I was recently asked to participate in the training sessions for the staff who will work in our two new Green Houses. My assigned topics were to review the philosophical underpinnings of the Green House philosophy, as well as the history of culture change efforts here at Londonderry Village. We have been working for about 15 years to eliminate the institutional caregiving practices that are pretty much still the norm in many nursing homes across the USA. I am very proud of the progress we have made, but there is still work to be done.
There are some unique Green House concepts that I would like to tell you about. First is the “Green House Model.” The term “Green House” is copyrighted, and an organization that wants to use that term must agree to abide by the terms of the “Model”. Parts of the Model reflect design parameters (i.e., all private rooms), some involve care practices (i.e., all food is cooked in the House), some involve staffing patterns, and others reflect core philosophical beliefs (i.e., all elders are capable of personal growth). The Model is central to the Green Houses, but it is not static; the Model has changed over time and will continue to evolve as research shows what elements of the model are the most (or perhaps least) important to the welfare of the elders in the Houses.

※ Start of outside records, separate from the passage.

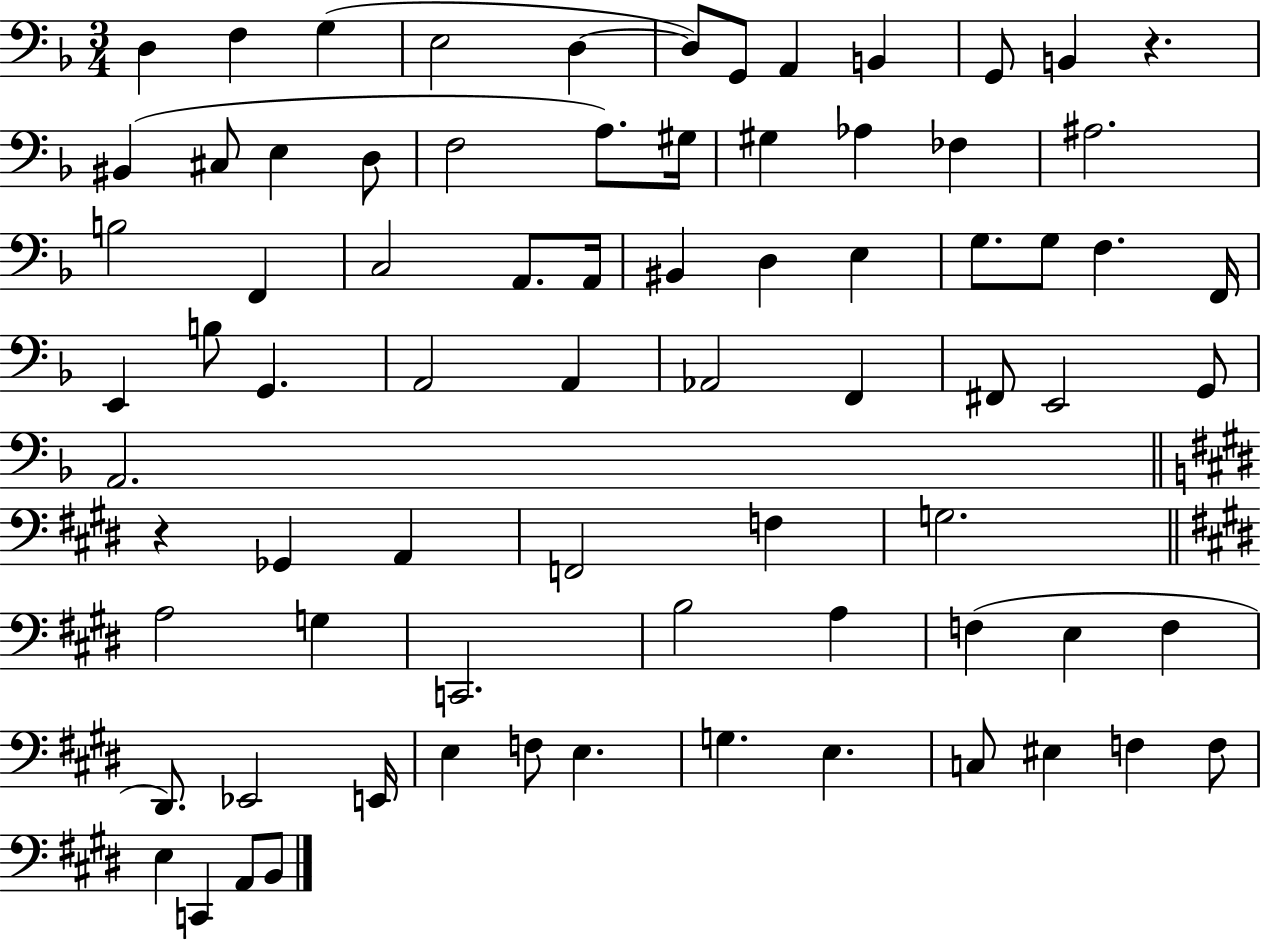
{
  \clef bass
  \numericTimeSignature
  \time 3/4
  \key f \major
  d4 f4 g4( | e2 d4~~ | d8) g,8 a,4 b,4 | g,8 b,4 r4. | \break bis,4( cis8 e4 d8 | f2 a8.) gis16 | gis4 aes4 fes4 | ais2. | \break b2 f,4 | c2 a,8. a,16 | bis,4 d4 e4 | g8. g8 f4. f,16 | \break e,4 b8 g,4. | a,2 a,4 | aes,2 f,4 | fis,8 e,2 g,8 | \break a,2. | \bar "||" \break \key e \major r4 ges,4 a,4 | f,2 f4 | g2. | \bar "||" \break \key e \major a2 g4 | c,2. | b2 a4 | f4( e4 f4 | \break dis,8.) ees,2 e,16 | e4 f8 e4. | g4. e4. | c8 eis4 f4 f8 | \break e4 c,4 a,8 b,8 | \bar "|."
}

Another unique concept is referred to as “institutional creep”. This is the insidious tendency to backslide into institutional practices. Here is an example: the nurses in a particular Green House understood that the Green House Model does not allow medication carts, as this is a very medical/institutional artifact. As the nurses missed having a med cart, they pooled their personal money and purchased a residential-looking tea cart for their Green House…and then loaded it up with everything needed to make it a med cart! The Shahbazim in the House cried “foul”, pointing out that the tea cart was being used as a med cart, and was therefore a violation of the Model. And they were right! The cart was removed. The nurses had good intentions, but were retreating into an institutional practice that was very comfortable to them. That is institutional creep!
There are a lot of garden-related metaphors in the Green House philosophies. One that we tend to forget about is the concept of “Frost”. As the seasons change, frost eventually comes to every garden and stops the growth until the warm weather returns. But with careful tending, the garden will return and flourish. The Green House analogy is that every Green House will go through good times and bad times…just like a garden. We should expect it to happen. There will be times when it just doesn’t feel like it is working as well as it used to. But with careful tending, each House will return to its former rhythm. It sort of sounds like life in general, doesn’t it?